PROBLEM TO WORK ON:
Line by line, retype the material with nothing left out.

DATA BELOW:

--- START ---

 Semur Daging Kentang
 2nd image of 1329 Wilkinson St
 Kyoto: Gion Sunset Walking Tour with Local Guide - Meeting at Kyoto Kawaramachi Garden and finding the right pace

--- END ---

SOLVED PROBLEM:
 Semur Daging Kentang
 2nd image of 1329 Wilkinson St
 Kyoto: Gion Sunset Walking Tour with Local Guide - Meeting at Kyoto Kawaramachi Garden and finding the right pace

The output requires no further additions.